Stessa condizione è prevista tra il rinvio a giudizio e l’inizio del processo. Calderone fa il seguente esempio: «Il giudice dell’udienza preliminare il 1° febbraio 2024 rinvia a giudizio l’imputato e fissa la prima udienza dibattimentale per il 30 aprile. In questo lasso di tempo il pm può acquisire solo prove sopravvenute», ad esempio sentire un nuovo testimone. «La novità significativa di questa norma – ci spiega Calderone – è che si deve rimettere in termini il giudizio abbreviato o il patteggiamento».

In altre parole, se l’imputato è sicuro che il pubblico ministero non ha prove sufficienti per la condanna, decide di andare a dibattimento. Tuttavia, se nel frattempo la pubblica accusa ha acquisito nuove prove che potrebbero mettere in dubbio l’esito assolutorio, all’imputato verrà dato il diritto, nella prima udienza del processo, di accedere al rito abbreviato ( che non ha bisogno dell’avallo del giudice) o al patteggiamento ( che è a discrezione del giudice). La proposta di legge dunque «intende rendere pieno ed effettivo il diritto di difesa: nei casi di attività integrativa d’indagine, procrastina per l’imputato l’opzione di accesso ai riti alternativi, così fondata sull’effettiva e completa conoscenza di tutti gli elementi a suo carico» . Già la riforma Cartabia tende a favorire i riti alternativi: questa proposta va in tale direzione.

Il testo di FI prevede anche l’abrogazione dei commi 1- ter e 1- quater dell’articolo 581 del codice di procedura penale, relativi all’elezione di domicilio e all’obbligo di conferire un nuovo specifico mandato al difensore per le impugnazioni. Secondo Calderone, le due norme sono inutili: «Non servono alla collettività né all’imputato, e neppure a velocizzare i processi: sono solo dannose per l’avvocato e gli assistiti più deboli». Una disfunzione più volte segnalata dal Cnf e dall’Unione Camere penali, che proprio per quel passaggio della legge Cartabia è in stato di agitazione. Il ministro Carlo Nordio ha incontrato due volte i vertici dell’Ucpi e assicurato loro di condividere la necessità di abrogare quei commi, con lo strumento legislativo più rapido possibile.

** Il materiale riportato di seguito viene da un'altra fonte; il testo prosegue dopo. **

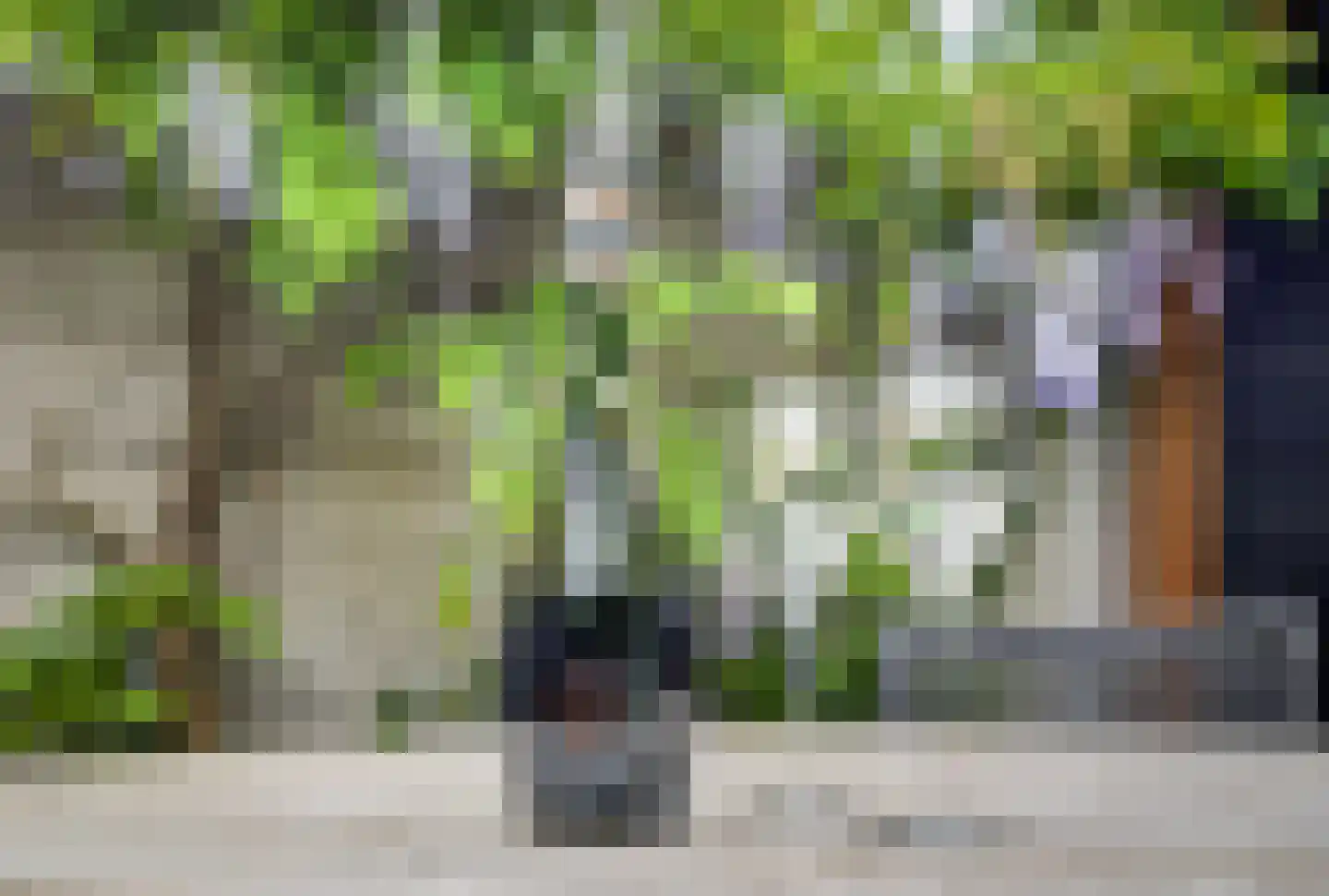 Torenstraat 21 Vught thumbnail 15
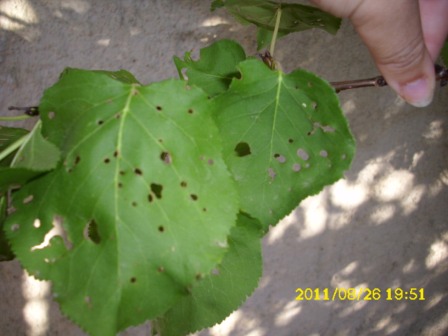 [Foto de planta, jardin, jardineria]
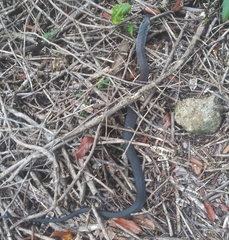 Cubophis cantherigerus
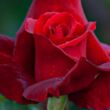 Rosa 'Mister Lincoln' - vörös - teahibrid rózsa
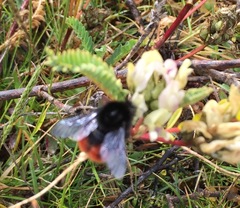 Bombus coccineus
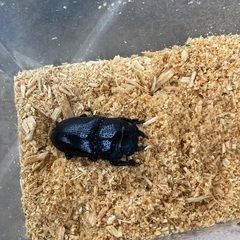 オオクワガタ♀の画像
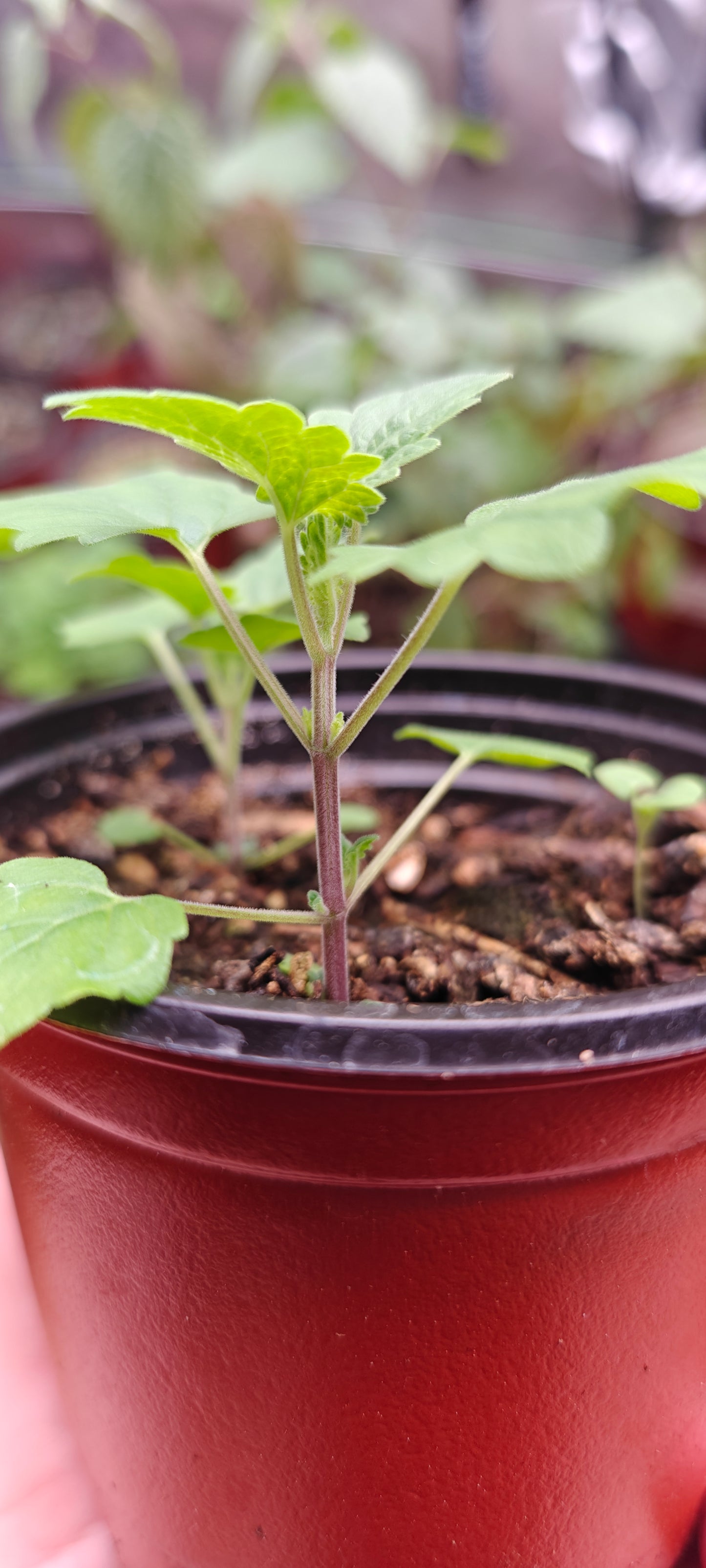 100 Catnip Seeds (Nepeta cataria)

Da quanto appreso da fonti di via Arenula e Presidenza del Consiglio, la richiesta di abrogare le norme in questione avrebbe avuto il placet anche del sottosegretario Alfredo Mantovano, che ha un peso notevole nelle scelte di Palazzo Chigi sulla giustizia. Ma serve un via libera anche dal ministro per gli Affari Ue Raffaele Fitto e addirittura da Bruxelles: se l’abrogazione fosse ritenuta ostativa al raggiungimento degli obiettivi del Pnrr, sarebbe accantonata. Il che conferma come l’Italia, sulla giustizia e non solo, sia in una sorta di libertà vigilata da parte dell’Ue.